Install Dependencies: Run the following command in the root of the project to install all required libraries:
```
pip install -r requirements.txt
```

Download and Prepare Dataset

To process datasets (e.g., siftsmall, sift1m) for use with DiskANN-Py:

Download Dataset

Linux/MacOS

mkdir -p ./data
cd ./data
wget ftp://ftp.irisa.fr/local/texmex/corpus/siftsmall.tar.gz
tar -zxvf siftsmall.tar.gz

Windows

mkdir ./data
cd ./data
Invoke-WebRequest -Uri "ftp://ftp.irisa.fr/local/texmex/corpus/siftsmall.tar.gz" -OutFile "siftsmall.tar.gz"
tar -zxvf siftsmall.tar.gz

Process Dataset

Use the dataset.py utility to preprocess the dataset:

python utils/dataset.py --main_dir ./data --dataset_name siftsmall

This will create a processed/ subdirectory inside the dataset folder:

./data/siftsmall/processed/
    base.npy
    query.npy
    learn.npy
    groundtruth.npy

Usage

Running the System

The entry point for running the full DiskANN pipeline is main.py. Customize it based on your dataset and configuration.

Example:
```
python main.py --dataset ./data/siftsmall/processed/ --index_file ./index/siftsmall_index
```
Graph Construction

Customize algorithms like Vamana and RobustPrune in the graph_construction/ package to build the graph index.
Search on Disk

Use the disk_index/ package to build and query the DiskANN index with algorithms like BeamSearch and PQ Compression.
Utilities

The utils/ package includes helper tools for dataset preprocessing, metrics computation, clustering, and caching.

Testing

To run unit tests for various components of the project:

pytest tests/

This will execute tests for:

Graph construction algorithms
Disk-based index construction
Querying and search algorithms

Summary of Commands

Install Requirements

pip install -r requirements.txt

Download and Extract Dataset

Linux/MacOS:

mkdir -p ./data
cd ./data
wget ftp://ftp.irisa.fr/local/texmex/corpus/siftsmall.tar.gz
tar -zxvf siftsmall.tar.gz

Windows:

mkdir ./data
cd ./data
Invoke-WebRequest -Uri "ftp://ftp.irisa.fr/local/texmex/corpus/siftsmall.tar.gz" -OutFile "siftsmall.tar.gz"
tar -zxvf siftsmall.tar.gz

Process Dataset

python utils/dataset.py --main_dir ./data --dataset_name siftsmall

Key Features

Graph Construction:
- Implements state-of-the-art algorithms like Vamana and RobustPrune for ANN graph construction.
Disk-Based Indexing:
- Efficiently builds and queries ANN indices stored on SSDs.
- Includes BeamSearch and Product Quantization (PQ) for memory-efficient queries.
Utilities:
- Dataset preprocessing, clustering, caching, and distance metrics.

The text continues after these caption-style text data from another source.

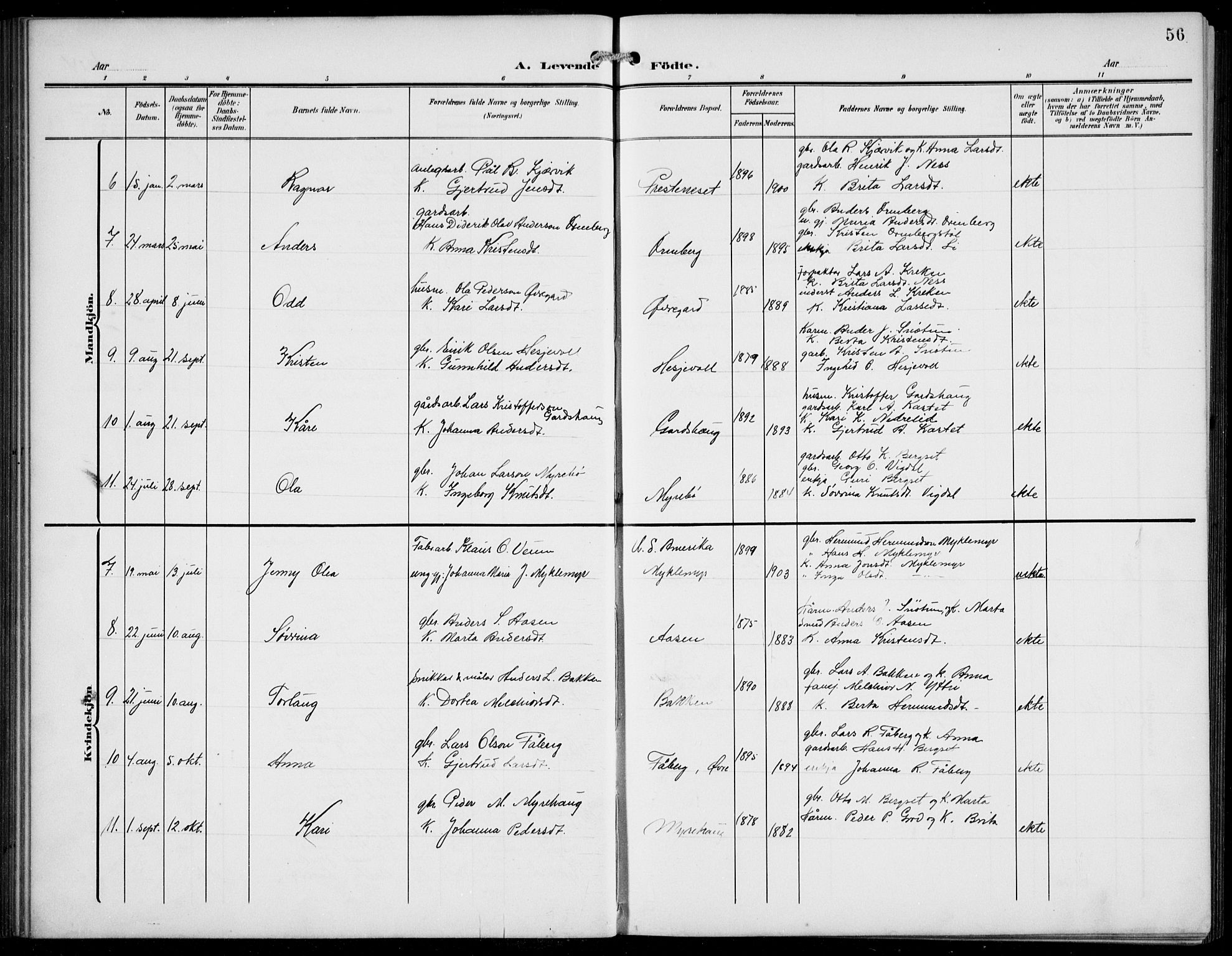 Jostedal sokneprestembete, AV/SAB-A-80601/H/Hab/Haba/L0002: Parish register (copy) no. A 2, 1907-1931, p. 56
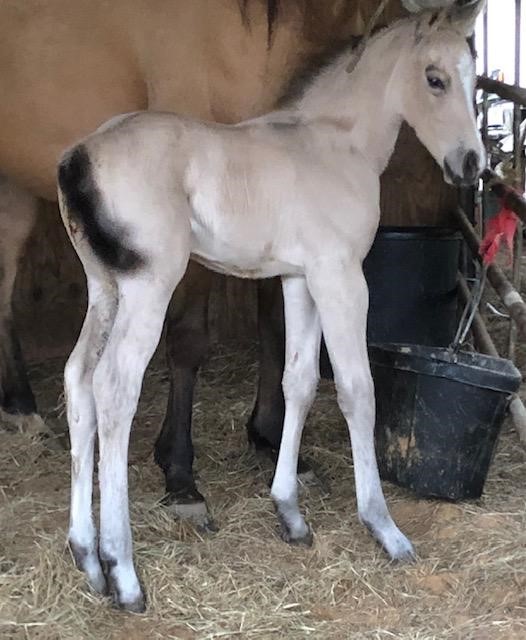 Kelley Quarter Horses home of Flit to Kill AQHA Superior Barrel Horse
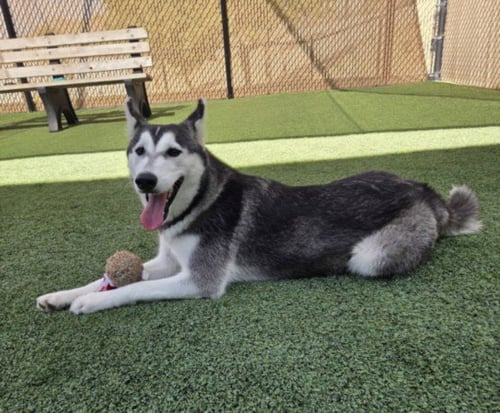 *SAGE - Siberian Husky available for adoption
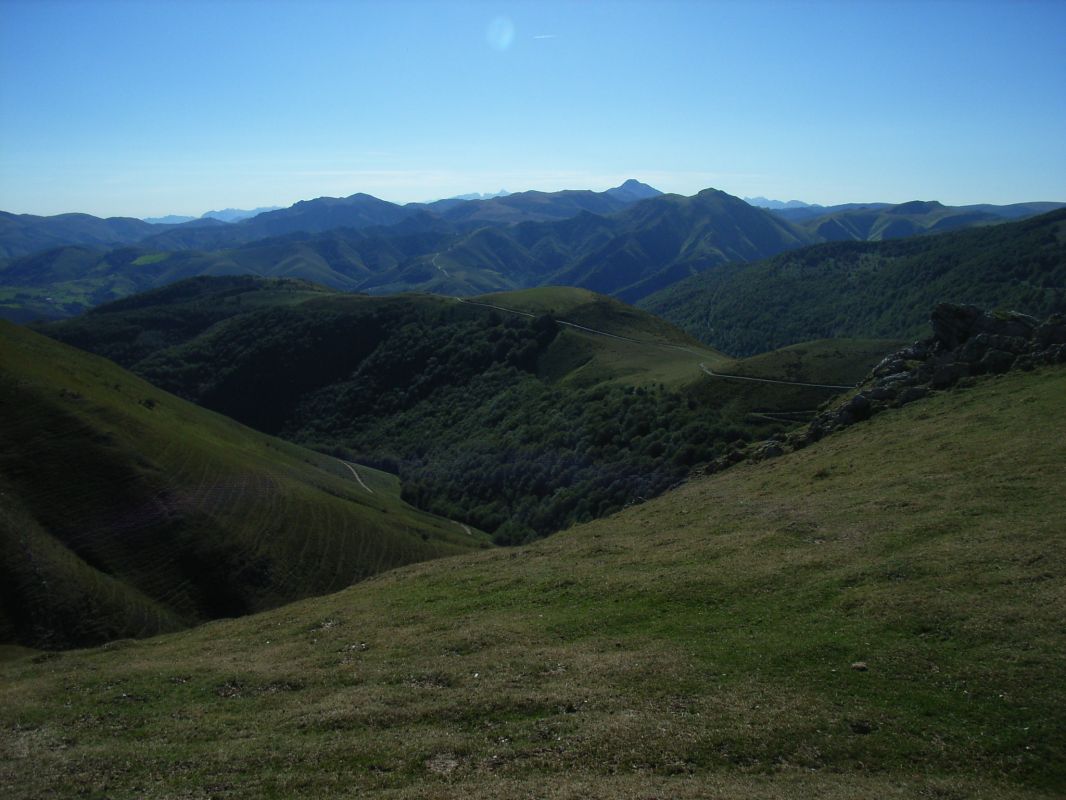 RIMG0099.jpg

Here’s a "How to Run the Tests" section for your GitHub README.md. It explains how to set up the environment and run the tests for your diskann_py project.

How to Run the Tests

To ensure that the components of the project (e.g., graph construction, search algorithms, and disk-based indexing) work correctly, unit tests are provided in the tests/ directory. Follow these steps to run the tests:

1. Install Dependencies

Before running the tests, make sure you have all the required Python libraries installed. Use the requirements.txt file to install them:

pip install -r requirements.txt

2. Run All Tests

You can run all the tests in the tests/ directory using pytest:

pytest tests/

This will execute all unit tests in the project and display the results.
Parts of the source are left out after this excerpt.